African leaders participated in the slave trade for a number of reasons. Pan-Africanism did not yet exist, so there were no strong bonds among the myriad tribes of Africa. African leaders chose, not surprisingly, to participate in the lucrative triangular trade among Africa, the West Indies, and North America.
Slavery and its concomitant slave trade existed throughout recorded history. The Greeks and the Romans practiced slavery. Therefore, the participation of African leaders was not unusual. In fact, it would have been highly surprising had the African leaders chosen not to participate in the slave trade.

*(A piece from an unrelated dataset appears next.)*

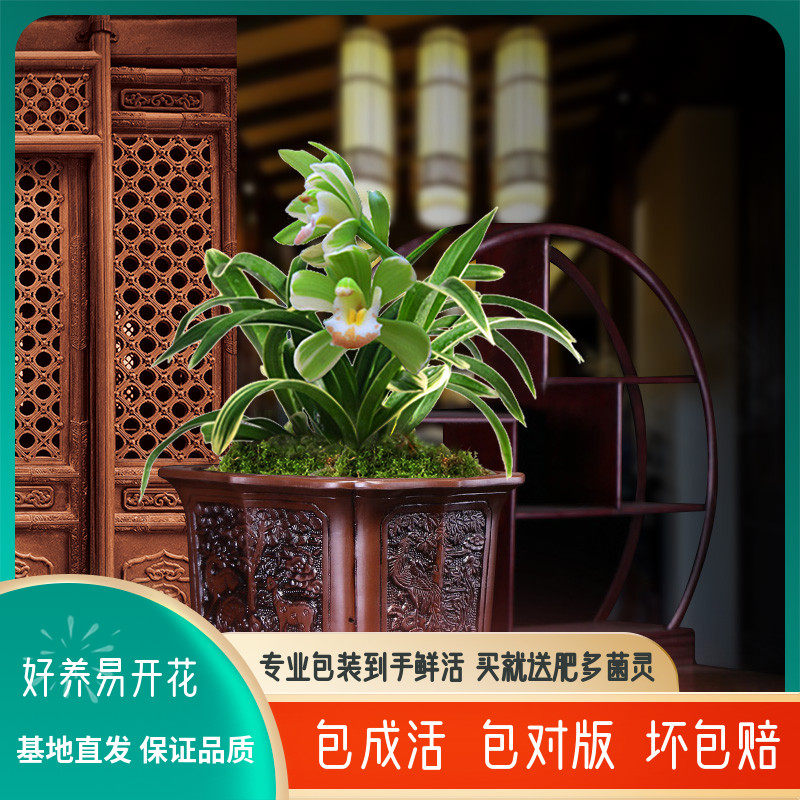 兰花盆栽植物矮种名贵花卉金边凤凰冠兰草室内盆景兰花苗带花苞香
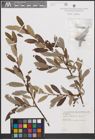 Foto von Salix cantabrica Rech. f.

The African leaders did not have much of a choice. European explorers of the Age of Discovery were ruthless and brutal men. They were motivated by "gold, glory, and God." It was thought that the Bible condoned slavery, so Christians of the era both enslaved and proselytized those they met during their voyages. Whites and Indians were not good slaves, so Europeans focused on Africa for its supply of forced laborers. Also, an African chieftain who was brave enough to say "no" to Europeans risked enslavement of his own tribe or a disastrous war will well-equipped Europeans.
Third, the African slavers did not know the people they enslaved. They captured distant peoples from the interior of the vast African continent and forced them to march to the coast. Perhaps this fact made it easier for the slavers.